JK: Anne Thomas Manes from the Burton Group triggered huge discussions with her recent "SOA is Dead: Long Live Services" blog article. For 2009, the all-singing-and-all-dancing enterprise-circus version of SOA is certainly dead. It is essential to recognise that SOA is a journey based upon the incremental adoption of brand-new and emerging patterns for design and reuse, and that SOA has changed the landscape to be one based predominantly around the challenges of integrating packages with one another, and that SOA has a value proposition that cannot be realised for years to come... but that it's going to be vastly worthwhile.

MC: What is your view of "Open Source"?

JK: Any organisation running open-source software must have the in-house skills to install, maintain, and support that software (and, preferably, to contribute directly to the ongoing development of the software involved). Often, the administrative tooling accompanying open-source offerings is considerably less capable than the commercial offerings, and the commercial offerings also tend to provide some sensible extensions that make more-difficult tasks easier to achieve. However, for high-performance basics, open-source and the more-formal community-source projects offer compelling arguments for adoption.

MC: What are you thoughts regarding "SaaS/Utilty/Cloud and outsourcing/off shoring"?

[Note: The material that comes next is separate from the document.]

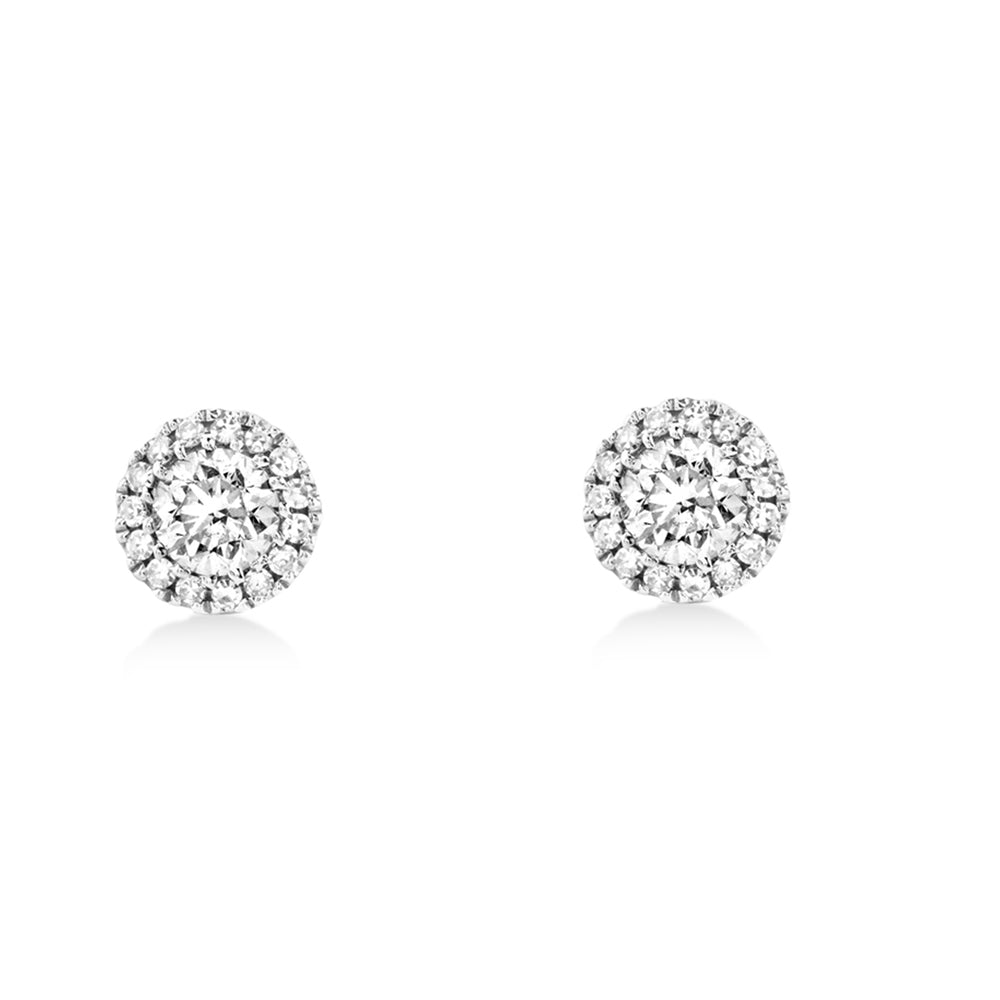 Diamond Halo Style Stud Earrings in 14k White Gold (0.48ct)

JK: North America has a very different set of expectations and experiences with Saas/Utility/Cloud than does, say, Australia and New Zealand. In particular, much shorter distances are involved between the client and the provider, and concomitant with those shorter distances is the benefit of being in the same, or at least a very similar, legal jurisdiction — the implications of laws such as those embedded in the Patriot Act don't travel the World with good fidelity. Enterprise Architecture has a strong role to play in balancing the needs of business against the demands upon and capability of local IT shops in order to see the right decisions being made in the face of "pay us USD$500 and you will be running live on the Internet tomorrow" offers from SaaS vendors. Unfortunately, many of these SaaS-style vendors offer only terribly-limited and terribly-proprietary API technologies to interface with their systems, and this makes the overall cost of ownership much, much higher than for locally-hosted enterprise applications that can
enjoy traditional in-house integration.

MC: What are other "Hot Topics" that you are thinking about?

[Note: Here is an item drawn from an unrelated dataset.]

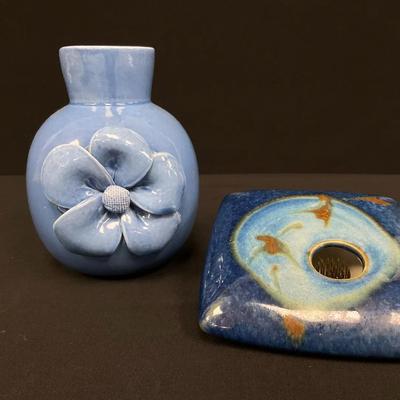Georgetown Pottery Flower Frog And Blue Vase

JK: Most every application has a different representation of every interesting business object (e.g., person, department, country, employee, location) and the continuing new emphasis on the integration requirements needed to support the real-time enterprise are accompanied by a continuing new emphasis upon enterprise metadata to support transformations between application and business domains. Overall, the IT industry has some long distance yet to travel to provide the semantics and the tooling needed to translate metadata in and out of different representations of core business objects.

MC: What do you see as the most significant security issues that keep the industry awake?
JK: Although the commoditisation of the Enterprise Service Bus has gone some way to providing a capability to deal with this, there remains sufficient uncertainty, sufficient complexity, and insufficiently widespread expertise to secure web services reliably, interoperably, and consistently. SaaS raises new security issues about the possibilities and sensibleness of delegating risk and of protecting data at rest in completely-separated and invisible contexts. Finally, social engineering must remain near the top of the keep-awake list of concerns.

MC: What has been your 'light bulb' moment in EA Methodology/Governance?
JK: The historical roots of Enterprise Architecture were planted firmly in the traditional EA frameworks. While those frameworks remain useful, their role in Enterprise Architecture has changed from heavy and prescriptive to rightsized and guidance-based. Enterprise Architecture has become increasingly consultancy-based, and now seeks the creation of repeatable patterns on an as-encountered basis rather than on a map-and-determine-everything-up-front basis. Much less emphasis is placed today on the up-front population of traditional frameworks than once was, but the value of Enterprise Architecture remains based around documenting, communicating, and designing once-removed abstracted solutions to support sustainably the mission of the business.

End of Interview...

Once again, I'd like to thank Jeff Kennedy to give us access to his insightful thoughts and opinions...

Monday, March 16, 2009

Light Bulb Interview Series - Jeff Kennedy - Part 2

Welcome to Part 2 of the the interview with Jeff Kennedy - from the University of Auckland. The 2009 Light Bulb Effect interview series will cover a number of influential Enterprise Architect's focused around 3 key areas:
  1. Major Trends in EA - Posted 11-March
  2. Working in the New Business Climate
  3. Hot Topics for EA
Light Bulb Effect Interview
Part 2 - Working in the New Business Climate

MC: A lot has been discussed regarding the new business climate how do you think today's Enterprise Architect needs to adapt?
JK: Positioned as it is between the firmaments and the business, a solid Enterprise Architecture practice has become essential for businesses hoping to survive the tough new business climate. Bear in mind that this tough new business climate is going to start being alleviated by regrowth sometime in the next year or two. Under these conditions, best practice, modern, lean, consultancy-based, framework-light Enterprise Architecture has become completely non-discretionary because assisting enterprises to govern innovation, achieve reuse, promote solution patterns, and exploit new technologies is completely front and centre.

MC:
So in the new economy how do organisations need to adapt?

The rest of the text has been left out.